Okay, I’m rambling. My point is, people try to make 9-11 into some huge thing and really it was pretty harmless. More people died of AIDS that year. More people died in automobile accidents. The 220,000 deaths in the Indonesian Tsunami 0f 2004 make the 2,900 deaths in the 9-11 attacks look like a fucking joke in comparison. Three thousand? That’s only as many as two Titanics. So why all the melodrama and phony memorializing? Because it happened in America, which had heretofore managed to live in a bubble where the explosive violence the rest of the world has faced just didn’t happen. Worst thing that happened to the U.S. in the 20th century? A naval base got bombed from the air in Hawaii. A government day care center was blown up in Oklahoma.
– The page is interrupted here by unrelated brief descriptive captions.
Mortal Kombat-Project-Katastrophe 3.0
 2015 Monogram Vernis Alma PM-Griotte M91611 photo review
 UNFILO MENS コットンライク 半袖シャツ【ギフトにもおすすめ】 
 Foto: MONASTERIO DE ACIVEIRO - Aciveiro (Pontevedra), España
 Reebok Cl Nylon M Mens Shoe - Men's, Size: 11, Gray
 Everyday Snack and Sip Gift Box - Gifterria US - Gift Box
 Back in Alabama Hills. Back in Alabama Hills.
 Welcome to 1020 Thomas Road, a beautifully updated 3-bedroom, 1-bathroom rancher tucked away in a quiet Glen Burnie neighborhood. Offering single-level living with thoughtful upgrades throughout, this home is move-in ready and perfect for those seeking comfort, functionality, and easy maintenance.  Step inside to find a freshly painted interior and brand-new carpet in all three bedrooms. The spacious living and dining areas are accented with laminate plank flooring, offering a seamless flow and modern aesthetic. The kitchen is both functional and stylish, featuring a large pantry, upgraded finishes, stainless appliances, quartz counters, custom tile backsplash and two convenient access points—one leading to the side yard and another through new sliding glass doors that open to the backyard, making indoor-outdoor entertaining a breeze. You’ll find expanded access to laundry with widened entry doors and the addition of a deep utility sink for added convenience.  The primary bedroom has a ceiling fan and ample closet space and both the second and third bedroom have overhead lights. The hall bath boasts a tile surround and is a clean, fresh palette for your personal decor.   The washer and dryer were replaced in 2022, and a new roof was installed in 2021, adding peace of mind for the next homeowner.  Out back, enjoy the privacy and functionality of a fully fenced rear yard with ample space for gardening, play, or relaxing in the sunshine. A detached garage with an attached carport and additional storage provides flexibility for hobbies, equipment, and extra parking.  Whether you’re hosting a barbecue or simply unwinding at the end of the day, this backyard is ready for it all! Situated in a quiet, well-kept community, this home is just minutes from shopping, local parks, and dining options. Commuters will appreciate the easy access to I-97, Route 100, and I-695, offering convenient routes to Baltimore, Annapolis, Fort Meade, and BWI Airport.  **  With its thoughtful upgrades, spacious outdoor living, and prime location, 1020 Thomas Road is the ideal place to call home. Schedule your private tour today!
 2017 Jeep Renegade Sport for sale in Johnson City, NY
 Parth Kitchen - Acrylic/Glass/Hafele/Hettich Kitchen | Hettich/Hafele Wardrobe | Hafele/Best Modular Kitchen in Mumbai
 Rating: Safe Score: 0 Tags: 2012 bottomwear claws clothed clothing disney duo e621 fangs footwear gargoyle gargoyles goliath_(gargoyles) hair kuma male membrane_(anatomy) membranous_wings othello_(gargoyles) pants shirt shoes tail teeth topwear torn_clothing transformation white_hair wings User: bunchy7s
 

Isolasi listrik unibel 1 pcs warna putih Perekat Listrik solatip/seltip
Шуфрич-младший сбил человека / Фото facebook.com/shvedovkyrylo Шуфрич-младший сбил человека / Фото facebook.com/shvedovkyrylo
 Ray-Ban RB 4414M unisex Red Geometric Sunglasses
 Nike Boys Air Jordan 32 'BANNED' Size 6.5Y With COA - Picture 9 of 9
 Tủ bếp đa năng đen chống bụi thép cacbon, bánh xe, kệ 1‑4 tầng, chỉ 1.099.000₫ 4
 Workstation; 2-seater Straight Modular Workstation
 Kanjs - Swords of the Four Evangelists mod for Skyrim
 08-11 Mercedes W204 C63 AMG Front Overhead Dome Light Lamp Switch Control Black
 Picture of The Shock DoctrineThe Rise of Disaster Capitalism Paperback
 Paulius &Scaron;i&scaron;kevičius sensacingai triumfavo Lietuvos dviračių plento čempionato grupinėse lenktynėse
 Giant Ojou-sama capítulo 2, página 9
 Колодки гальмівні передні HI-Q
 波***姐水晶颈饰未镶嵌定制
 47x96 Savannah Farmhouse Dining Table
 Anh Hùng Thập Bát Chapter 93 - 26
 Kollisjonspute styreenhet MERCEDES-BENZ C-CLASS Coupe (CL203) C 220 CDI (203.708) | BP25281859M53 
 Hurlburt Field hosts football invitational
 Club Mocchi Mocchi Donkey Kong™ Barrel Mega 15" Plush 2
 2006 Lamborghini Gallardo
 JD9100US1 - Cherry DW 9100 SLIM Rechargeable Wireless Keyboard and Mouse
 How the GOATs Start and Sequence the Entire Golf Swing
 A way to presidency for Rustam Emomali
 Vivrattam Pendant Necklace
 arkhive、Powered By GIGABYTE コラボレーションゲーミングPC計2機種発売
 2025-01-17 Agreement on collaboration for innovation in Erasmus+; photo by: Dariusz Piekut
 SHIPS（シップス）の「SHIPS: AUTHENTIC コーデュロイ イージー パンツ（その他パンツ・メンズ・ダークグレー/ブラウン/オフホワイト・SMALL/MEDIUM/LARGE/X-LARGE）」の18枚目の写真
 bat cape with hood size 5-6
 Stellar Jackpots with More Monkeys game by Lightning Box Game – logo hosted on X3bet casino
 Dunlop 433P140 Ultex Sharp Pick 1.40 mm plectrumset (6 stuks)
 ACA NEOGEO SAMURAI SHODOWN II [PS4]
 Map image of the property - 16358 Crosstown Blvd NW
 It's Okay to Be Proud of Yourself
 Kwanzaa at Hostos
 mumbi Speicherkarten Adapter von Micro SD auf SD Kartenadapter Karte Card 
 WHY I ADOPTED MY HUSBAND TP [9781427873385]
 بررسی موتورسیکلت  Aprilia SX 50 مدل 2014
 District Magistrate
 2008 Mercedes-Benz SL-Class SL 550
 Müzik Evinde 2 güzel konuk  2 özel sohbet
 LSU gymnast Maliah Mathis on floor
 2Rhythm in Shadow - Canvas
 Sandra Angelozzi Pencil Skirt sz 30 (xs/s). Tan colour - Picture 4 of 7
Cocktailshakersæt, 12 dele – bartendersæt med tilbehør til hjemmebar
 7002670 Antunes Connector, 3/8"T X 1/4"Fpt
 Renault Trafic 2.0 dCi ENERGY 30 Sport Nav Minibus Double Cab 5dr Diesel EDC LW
Puff Daddy won a Grammy. Compared to these fiddlesticks 9-11 must have seemed like the end of the world, at least to all the safe and complacent bubble people. Me? I was relieved. I’d been expecting far worse when that particular shoe dropped. We’d been funding and training terror groups around the world for a half century; that eventually one or many of them would turn on us was mathematically inevitable.
Every culture has a myth about the man who makes a pact with a demon or unleashes a monster or lets loose a curse to achieve a victory, only to be destroyed by the evil forces he’s unleashed. Myths are part of our accumulated cultural knowledge. They are trying to tell us things, remind us of ancient lessons. Maybe someone should have listened. Fortunately, it turned out that the people bent on our destruction were only SLIGHTLY less incompetent and ineffectual than the people who were supposed to be protecting us. I mean, in retrospect it turns out that U.S. intelligence was caught with its pants down and its head up its ass. Can you imagine what damage an actual, dyed-in-the-wool Bond villain could have pulled off?
Look. I’m really not trying to minimize it. A lot of people died horribly and in ways I would never want to go, ways no one should have to go. It was terrible. Truly a blight on human history, a stain. It’s just, human history is already so soaked in blood and atrocities that the stain of one more bad day, the stain of another 3000 unfair deaths, it’s kind of hard to notice in the big picture. Drowned out in a sea of massacre and cruelty. Boo the fuck hoo, America. You had a bad day. Everyone does. Now get over it.